|Martin, K - UNIV. WEST FLORIDA|
Submitted to: Phytopathology
Publication Type: Abstract Only
Publication Acceptance Date: May 5, 2004
Publication Date: June 20, 2004
Citation: Pepper, A.F., Martin, K.J., Bull, C.T. 2004. Primers specific for detection of myxococcus spp by polymerase chain reaction. Phytopathology. 95:S83. Technical Abstract: Myxobacteria are ubiquitous in the soil and rhizosphere, produce many diverse secondary metabolites, and prey on bacteria and fungi, including plant pathogens. Our research has recently shown that myxobacteria can mitigate soilborne plant diseases in situ. In order to understand the interactions between plant pathogens and myxobacteria in situ, culture-independent methods of detection and enumeration of myxobacteria are needed. To this end, we designed primers based on published myxobacterial 16S rDNA sequences and evaluated them for their specificity.
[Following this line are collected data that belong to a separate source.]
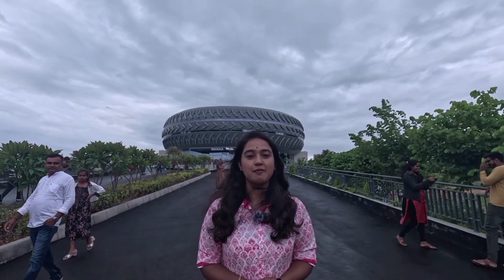Hi, hello, namaskara, welcome to Nidhi Kannada vlog.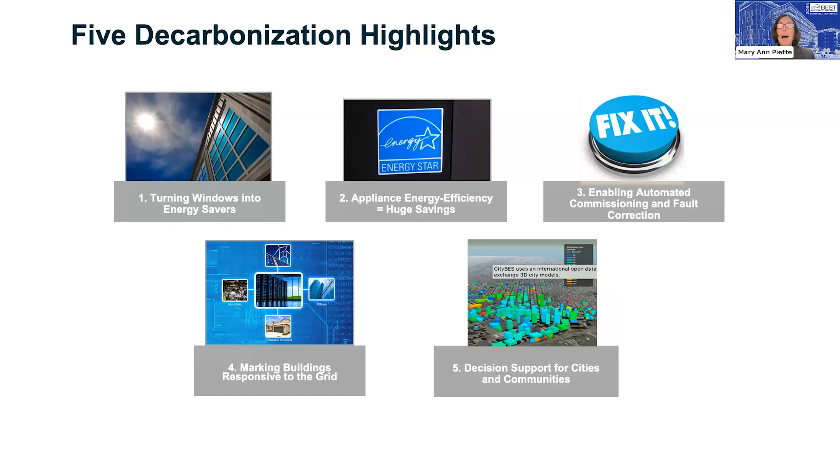I'm going to go into five decarbonization highlights. I'll talk about windows and how we use them for saving energy; appliance standards and their ongoing importance; building controls — making sure HVAC system controls are working and we can automatically correct faults; linking buildings with the grid and making buildings responsive to grid signals; and decision support for cities and communities, thinking about groups of buildings rather than one at a time. I'll talk about connected communities and urban science.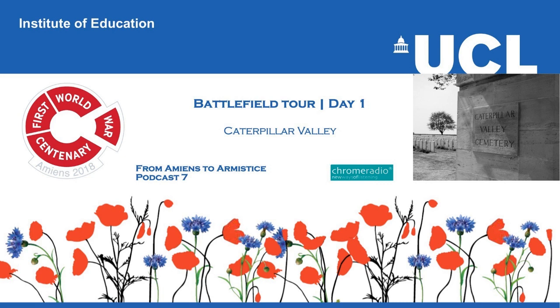Our first stop this afternoon is at Caterpillar Valley Cemetery. The reason we've brought you here is not so much about the cemetery itself, but because of the vantage point we get of this battlefield in the southern sector of the Somme Front. Before the activity, it's worth talking briefly about how these cemeteries came to be. This morning we saw that little one tucked away at Hyde Park Corner, at the end of the trench, down in the fields — what perhaps should be called a soldier's cemetery,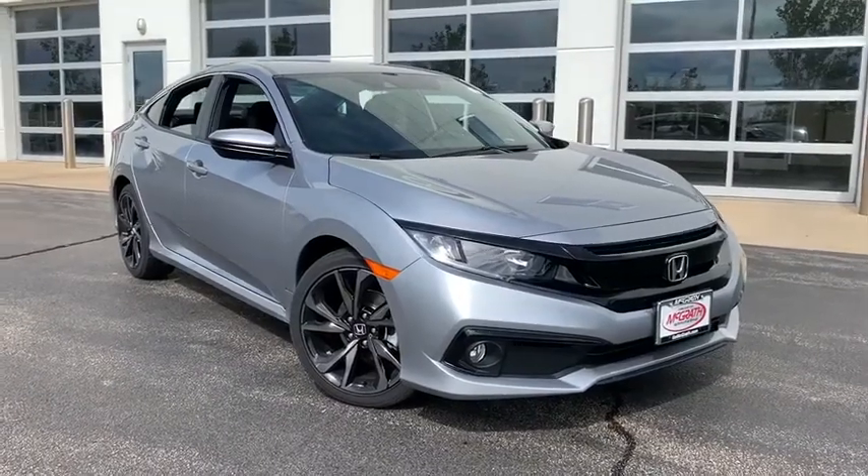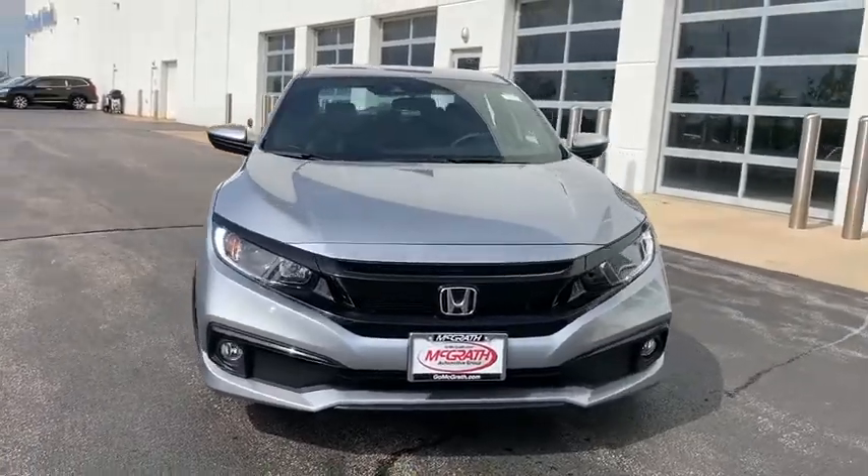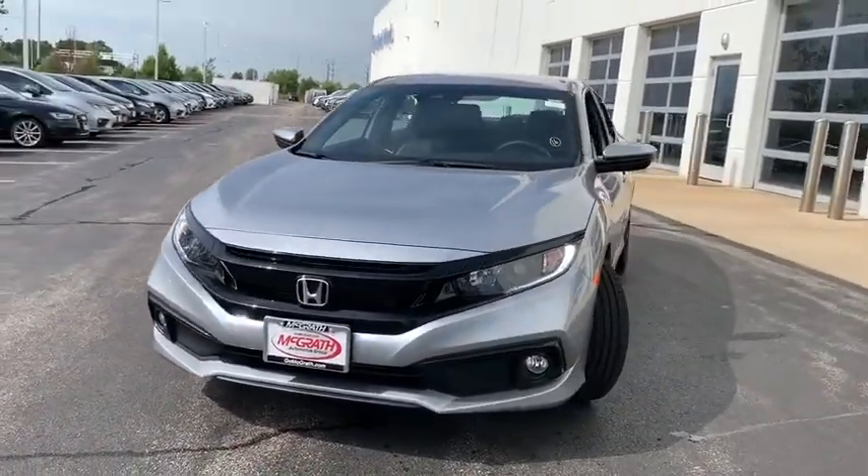Make a great choice today with the 2019 Honda Civic. Honda Civic: practical, awesome gas mileage, and incredibly reliable.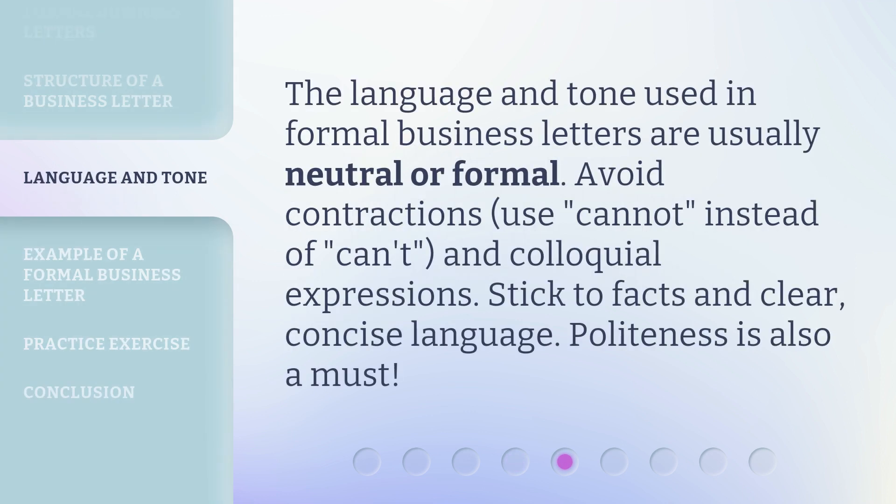The language and tone used in formal business letters are usually neutral or formal. Avoid contractions — use "cannot" instead of "can't" — and avoid colloquial expressions. Stick to facts and clear, concise language. Politeness is also a must.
Twenty-six primer sets were evaluated for specific amplification of DNA from myxobacteria using PCR. Of these, three primer sets produced amplicons from myxobacterial DNA but not from SNA of bacteria used as negative controls. Reactions for five additional primer sets are being optimized to obtain the same level of specificity. In addition to these eight, three additional primer sets may be useful in that they produce amplicons from some, but not all myxobacterial species.